# Brief
Begin at the line below that has "Contemporary 3 stone" and stop after the line that has "Elevate™ Sculpting Mid". Please restate only those lines, word for word.

(Short text fragments from websites)
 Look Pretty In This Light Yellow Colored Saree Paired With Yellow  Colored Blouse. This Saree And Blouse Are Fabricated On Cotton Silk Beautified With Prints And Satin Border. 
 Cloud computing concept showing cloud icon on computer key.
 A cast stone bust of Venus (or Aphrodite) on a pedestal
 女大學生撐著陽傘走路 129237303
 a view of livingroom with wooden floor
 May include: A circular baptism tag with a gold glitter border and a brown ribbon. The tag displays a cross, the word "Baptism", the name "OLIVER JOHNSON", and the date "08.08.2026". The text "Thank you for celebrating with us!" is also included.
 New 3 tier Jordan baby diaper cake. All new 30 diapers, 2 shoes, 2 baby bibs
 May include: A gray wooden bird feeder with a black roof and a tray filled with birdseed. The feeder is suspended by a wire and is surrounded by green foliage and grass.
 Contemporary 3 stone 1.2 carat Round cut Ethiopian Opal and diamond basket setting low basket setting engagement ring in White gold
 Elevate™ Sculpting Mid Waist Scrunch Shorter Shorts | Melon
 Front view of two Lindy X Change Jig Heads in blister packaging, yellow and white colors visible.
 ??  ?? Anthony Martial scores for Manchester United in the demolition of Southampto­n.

# Reply to the task
 Contemporary 3 stone 1.2 carat Round cut Ethiopian Opal and diamond basket setting low basket setting engagement ring in White gold
 Elevate™ Sculpting Mid Waist Scrunch Shorter Shorts | Melon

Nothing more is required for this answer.